──────── LISTED RECORDS ────────

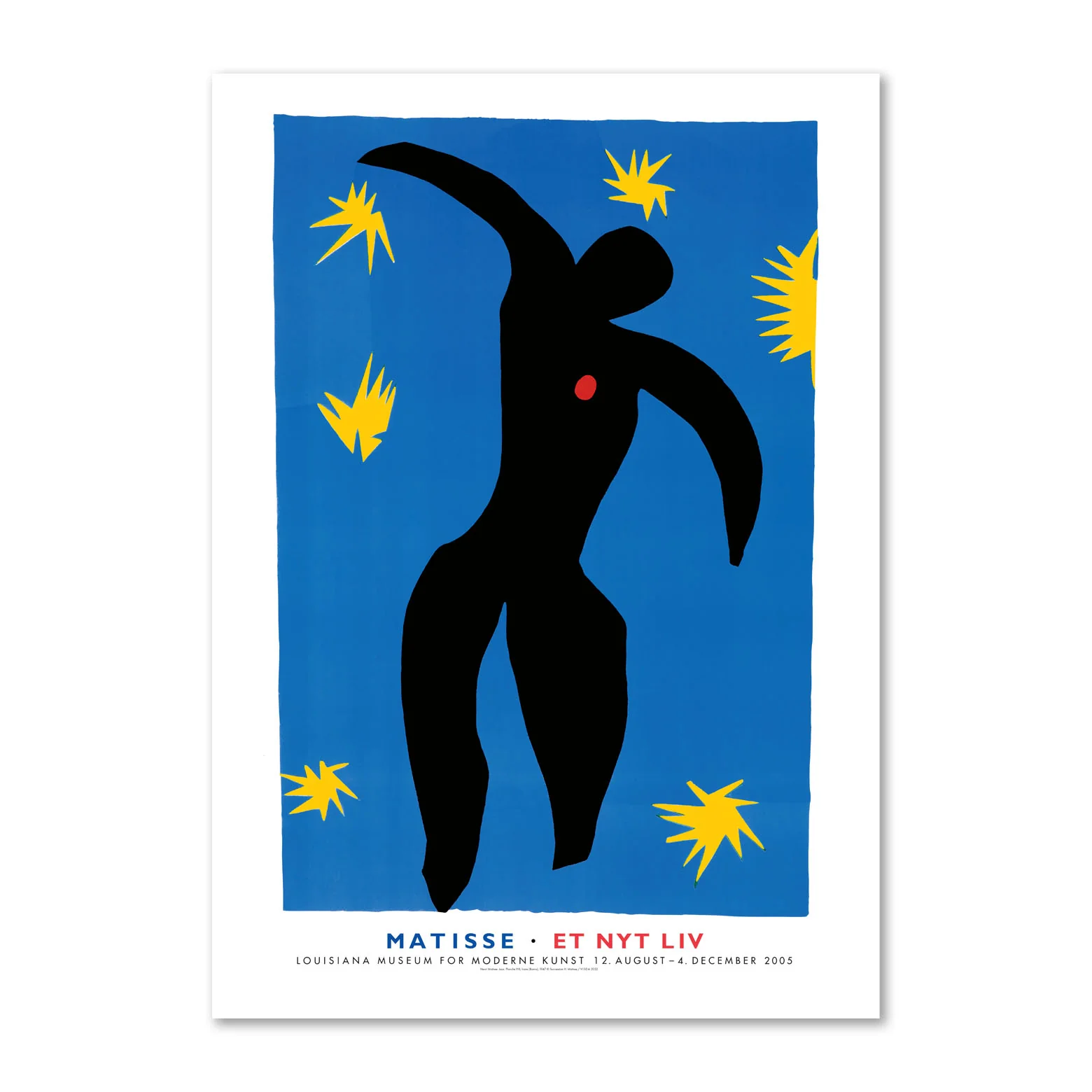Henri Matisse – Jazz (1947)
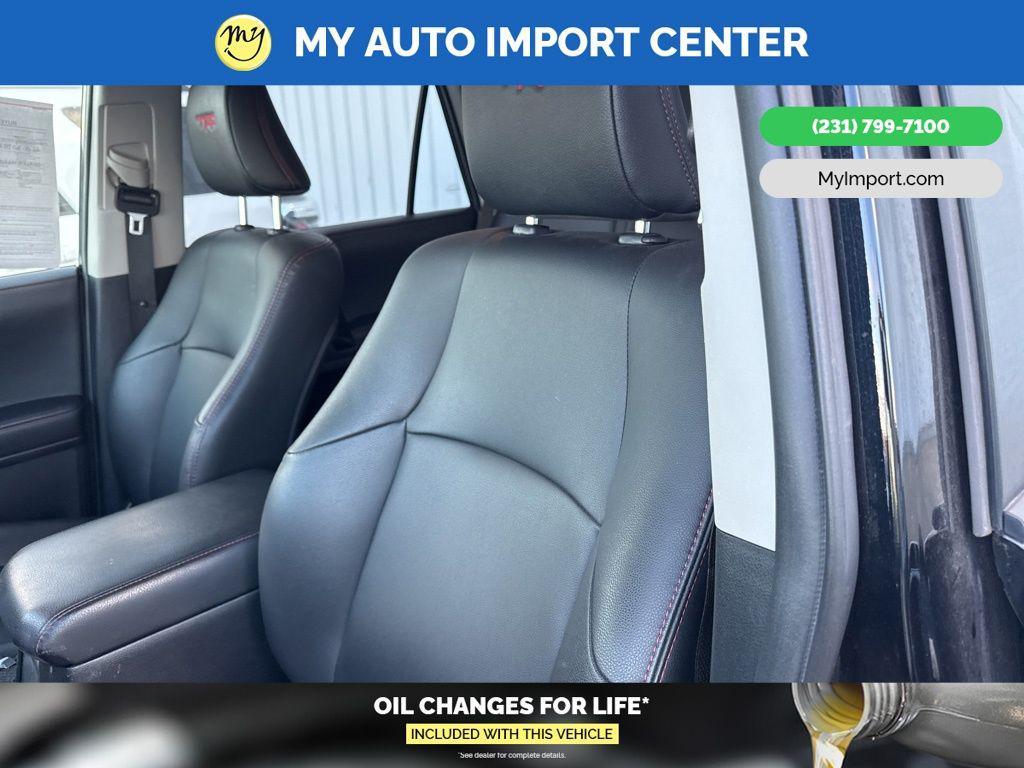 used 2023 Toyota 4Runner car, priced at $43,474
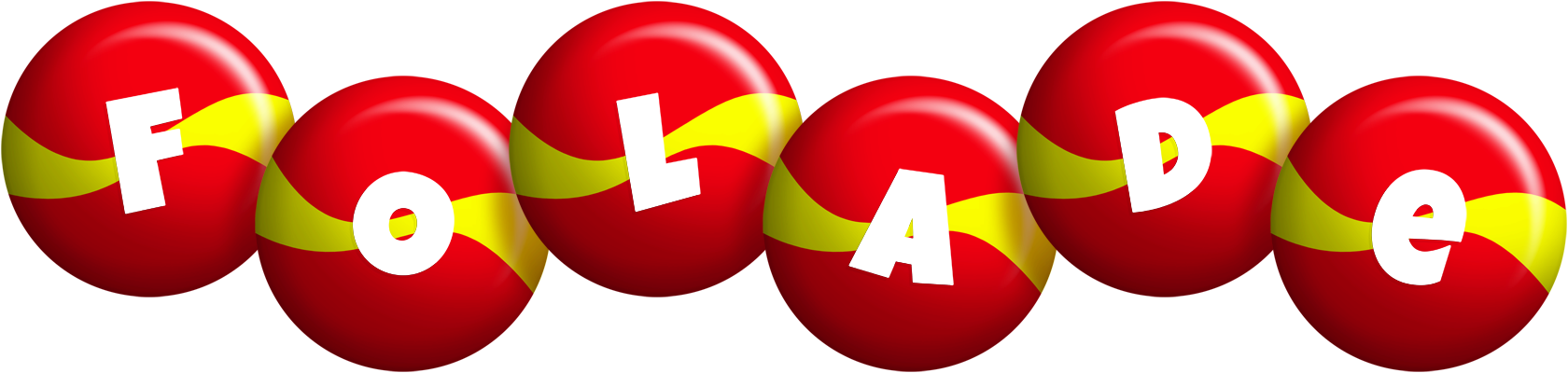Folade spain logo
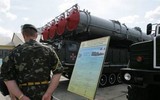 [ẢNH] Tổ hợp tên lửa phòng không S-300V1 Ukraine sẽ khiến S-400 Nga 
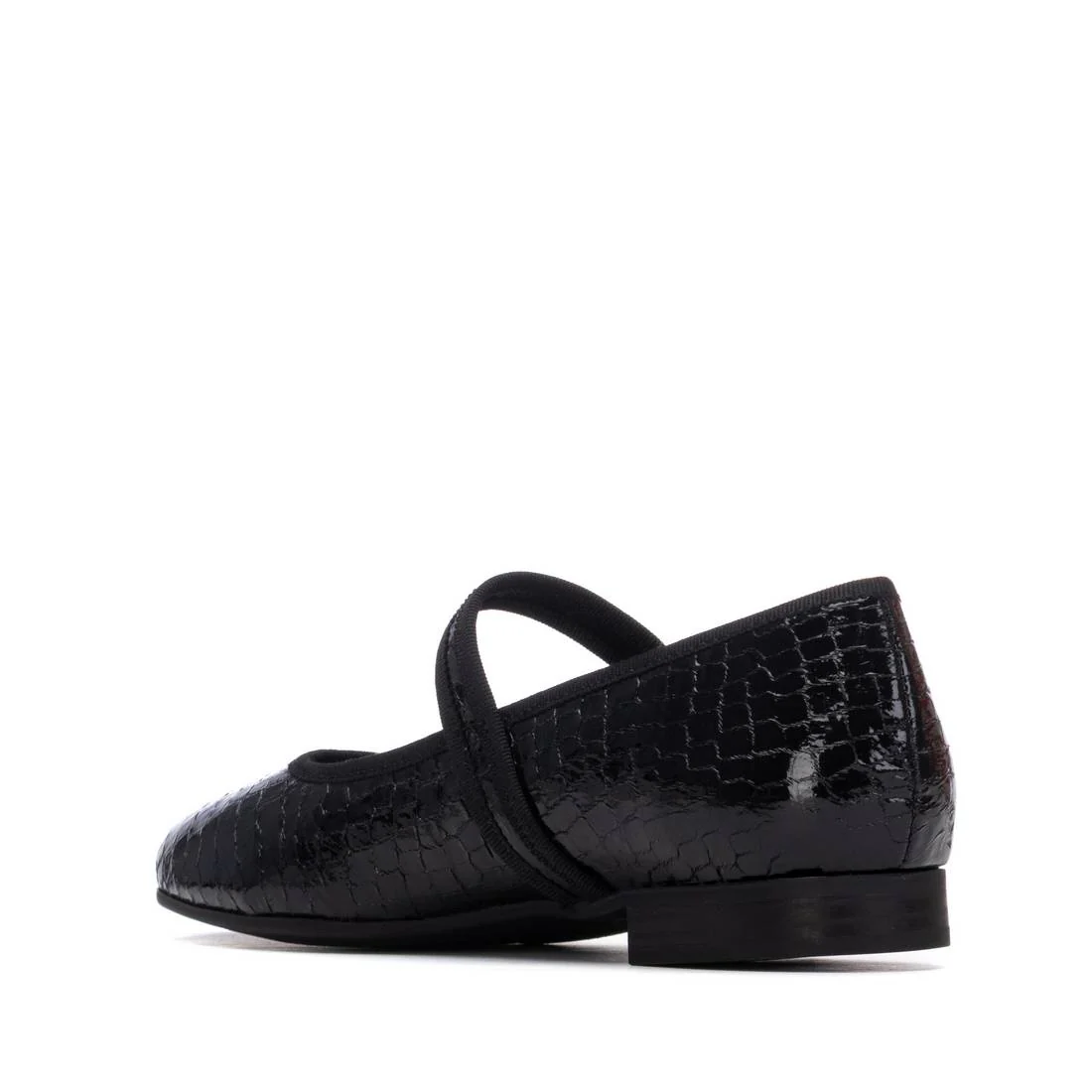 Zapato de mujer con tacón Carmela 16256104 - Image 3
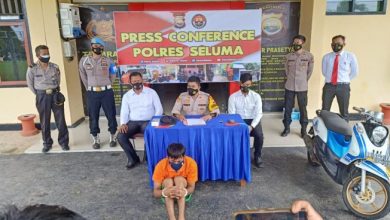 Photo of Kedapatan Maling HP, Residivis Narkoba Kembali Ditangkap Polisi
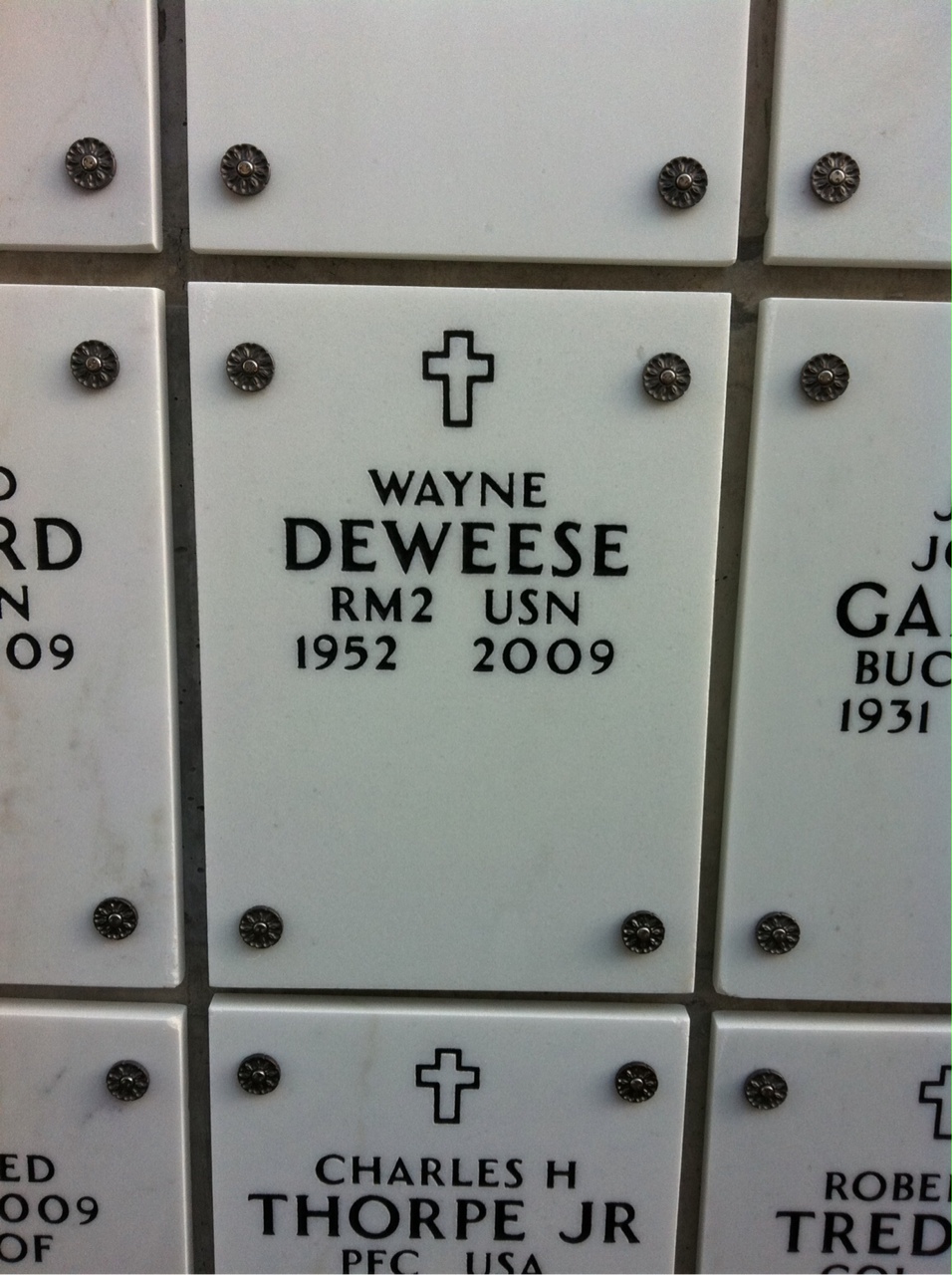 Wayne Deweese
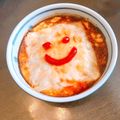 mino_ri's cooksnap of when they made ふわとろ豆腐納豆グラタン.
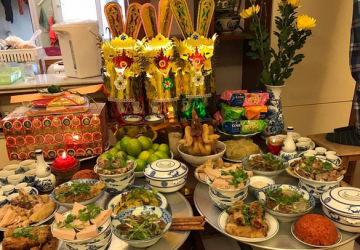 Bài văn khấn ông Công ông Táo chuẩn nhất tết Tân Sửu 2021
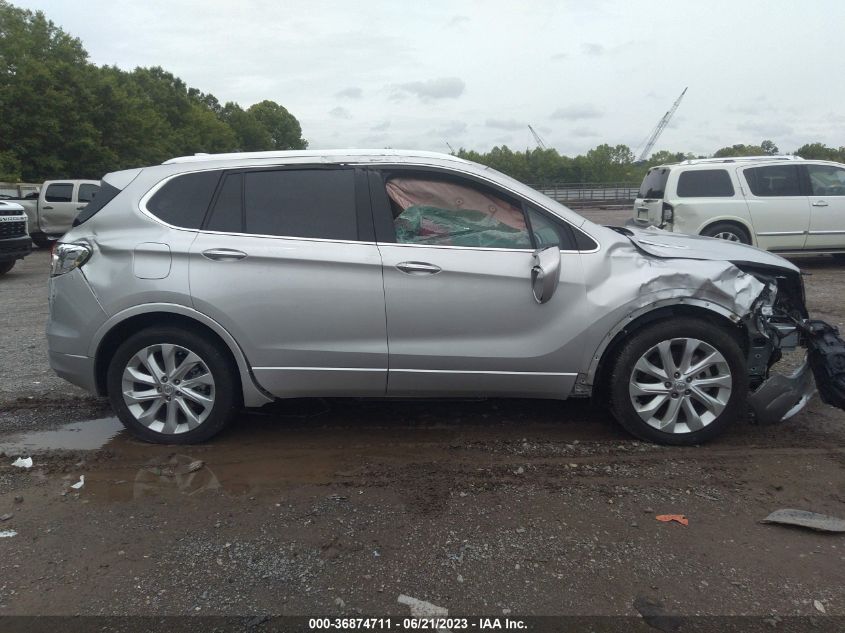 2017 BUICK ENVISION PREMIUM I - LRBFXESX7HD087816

────────

Please copy exactly, and only, the lines from the one that contains "Zapato de mujer" through the last line of the data above, omitting all pictures.

 Zapato de mujer con tacón Carmela 16256104 - Image 3
 Photo of Kedapatan Maling HP, Residivis Narkoba Kembali Ditangkap Polisi
 Wayne Deweese
 mino_ri's cooksnap of when they made ふわとろ豆腐納豆グラタン.
 Bài văn khấn ông Công ông Táo chuẩn nhất tết Tân Sửu 2021
 2017 BUICK ENVISION PREMIUM I - LRBFXESX7HD087816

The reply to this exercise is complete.